Moral Hazard is one of the most discussed topic in the ongoing crisis. Some say the intervention leads to moral hazard, some deny it. This post is about understanding moral hazard in another fashion.

We usually understand moral hazard from the angle of information asymmetry. This was a result of great analysis by Akerlof. Wikipedia explains:

Moral hazard is related to asymmetric information, a situation in which one party in a transaction has more information than another. The party that is insulated from risk generally has more information about its actions and intentions than the party paying for the negative consequences of the risk. More broadly, moral hazard occurs when the party with more information about its actions or intentions has a tendency or incentive to behave inappropriately from the perspective of the party with less information.

Another very useful way to understand moral hazard is from the angle of time consistency models developed by Finn Kydland and Ed Prescott. They got Nobel Prize in 2004 for their work. (Read Mankiw’s superb primer on the topic). I was reading this Nobel Committee primer explaining Kydland-Prescott work and it struck me that this can be modelled to understand moral hazard as well.

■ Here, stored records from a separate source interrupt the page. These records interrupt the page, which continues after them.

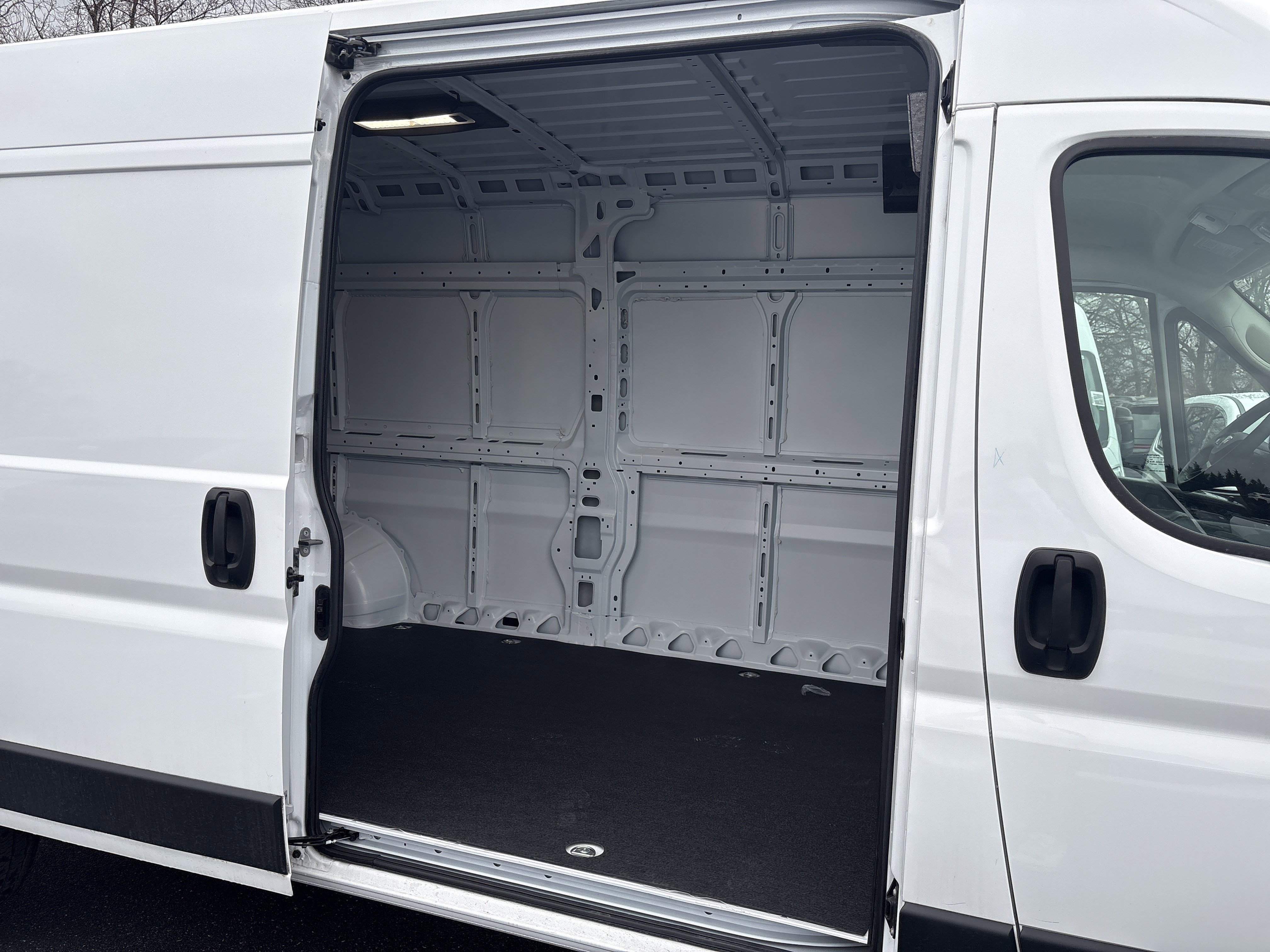 New 2025 RAM ProMaster 2500 w/ Quick Order Package 22G SLT FWD image 10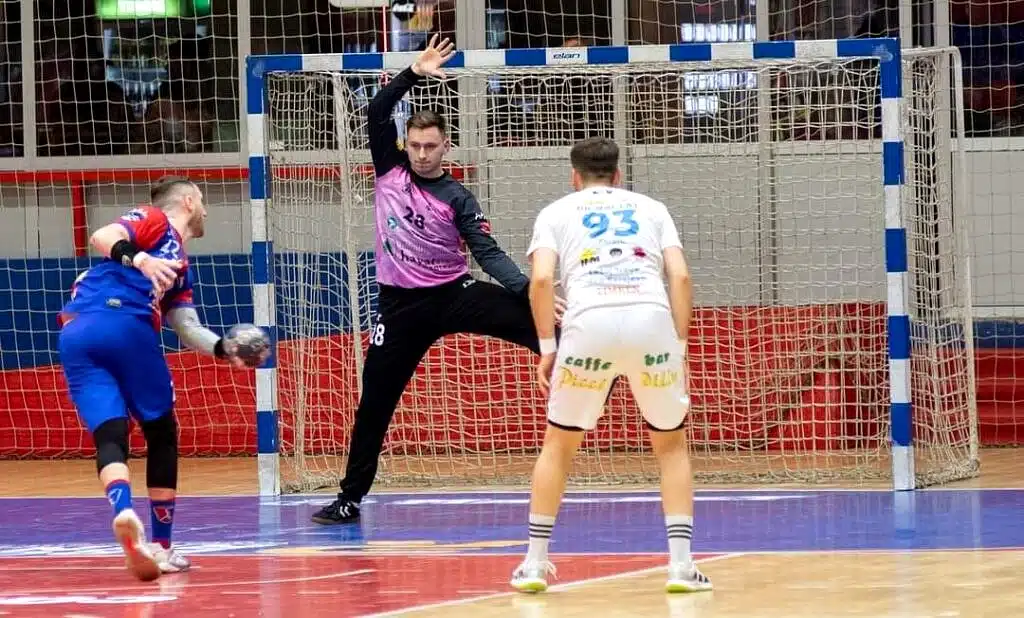 Rukomet:Konjuh-Sloboda 33:33
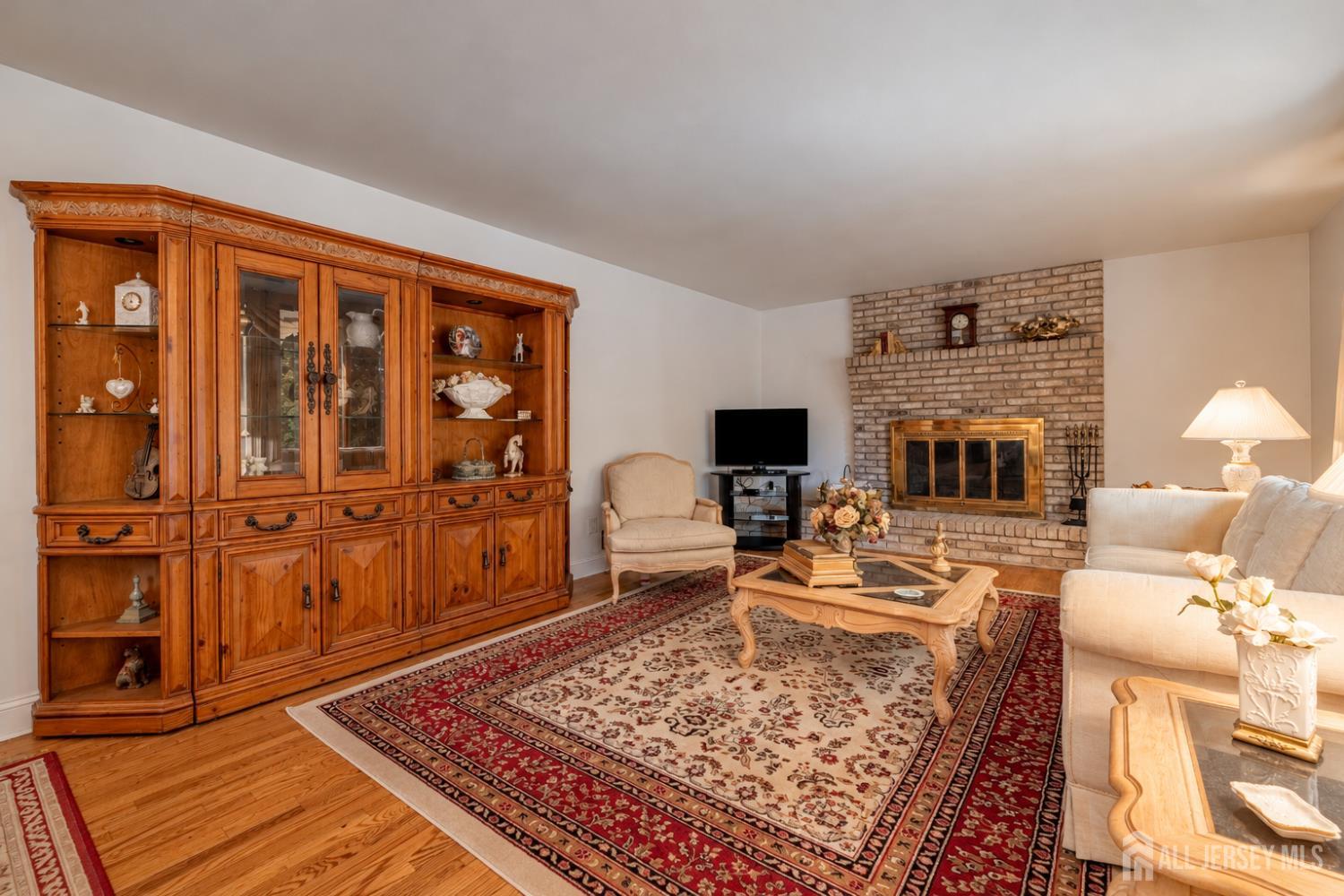 15 Cherokee Road East Brunswick NJ 08816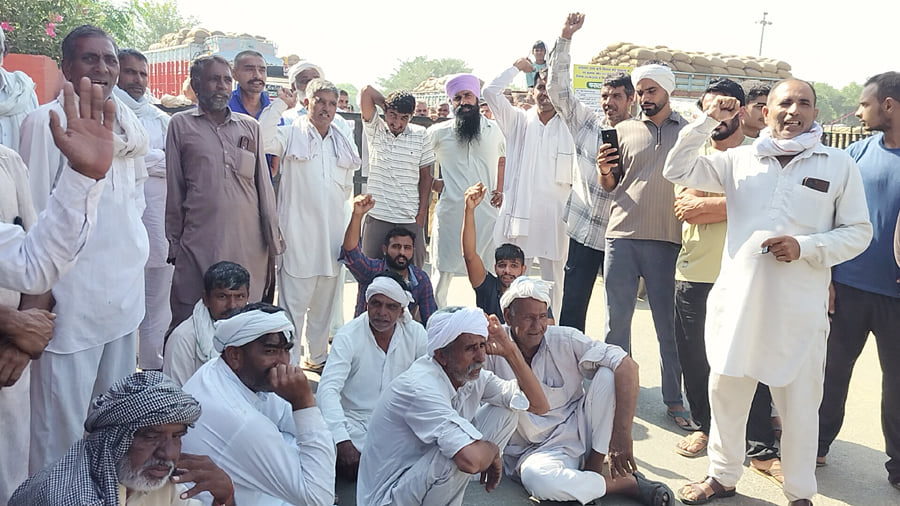 गेट बंद खडे किसान। संवाद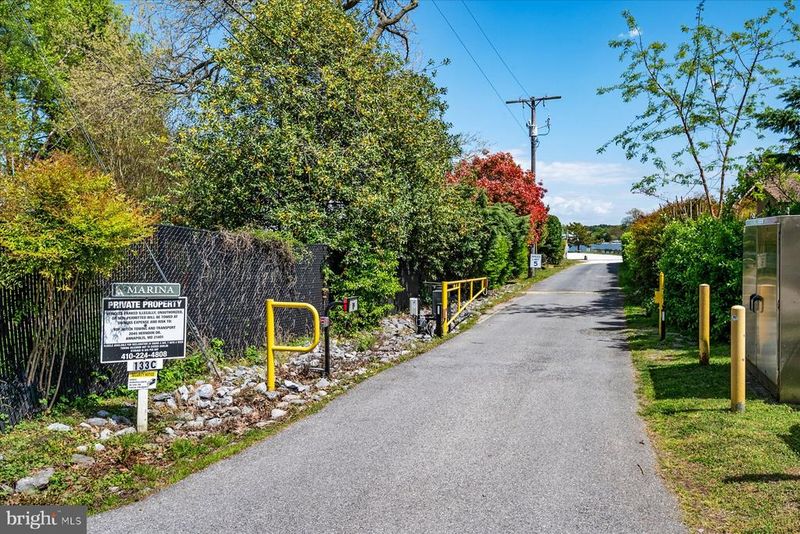 130 Great Lake Dr, Annapolis, MD 21403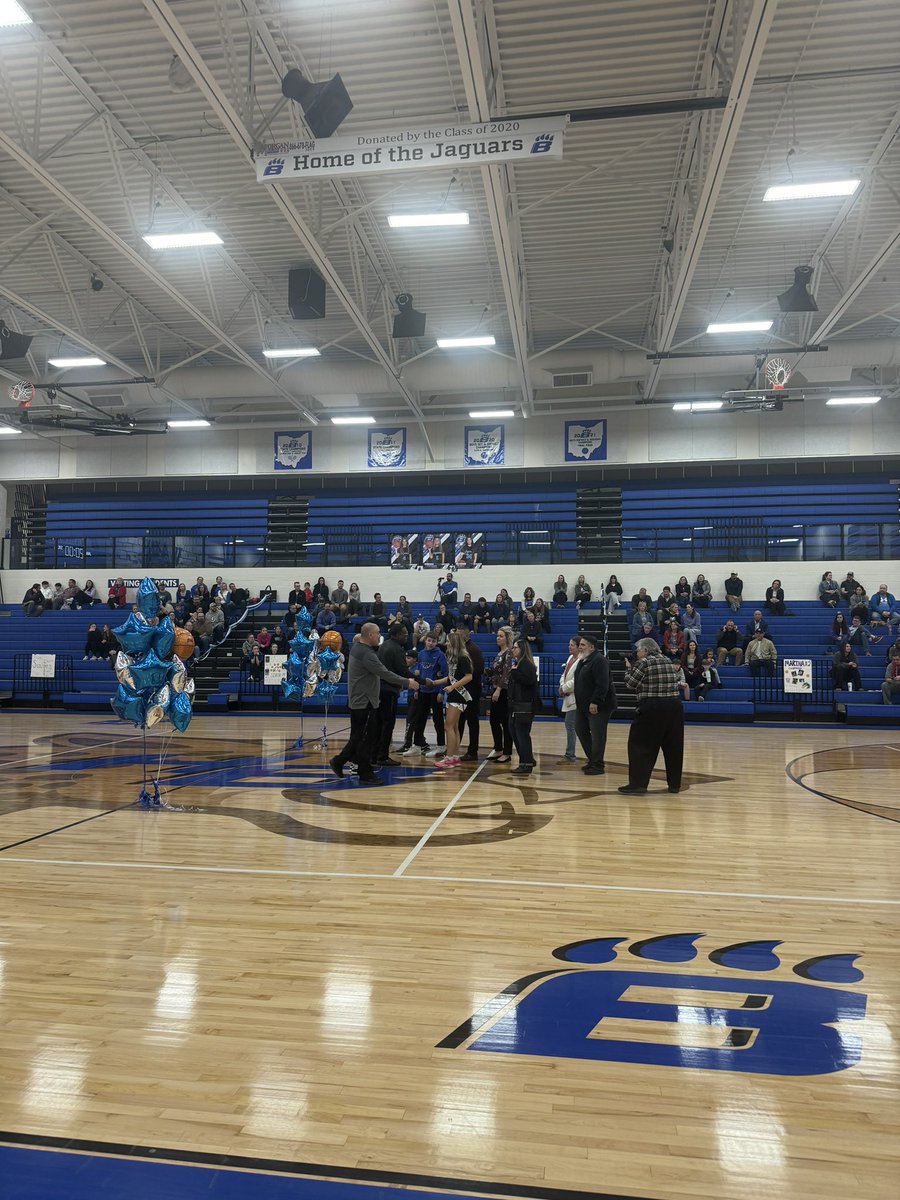 BradleyHS's tweet photo. Congrats to our 3 Seniors of @BradleyGBK  Thank you! #BCLAW https://t.co/qCb9emKgke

Bernanke, Mervyn King etc all had said before the subprime crisis that they would not intervene in financial markets. The outcome of financial decisions of various firms would have to be faced by respective firms. If they had stuck to their words, we would have called these policies as time consistent. Meaning your actions in future (not to intervene) were consistent with the policies made in the past.

However, they had to intervene and this made the policy time inconsistent. The financial markets knew all along the central bankers would be intervening as similar experiences had been seen in the past. The financial markets piled on huge risks knowing central banks and other authorities will have to intervene as health of financial system was important. This is exactly what moral hazard is and time consistent is another way to understand the approach.

The problem is not as much with current intervention but more with this time inconsistent policies with respect to financial sector. As a result, the risks get bigger with profits going to the firms and losses going to the taxpayers. This is leading to other issues like Too Big to Fail where a financial firm is bailed out as it is considered too big to fail.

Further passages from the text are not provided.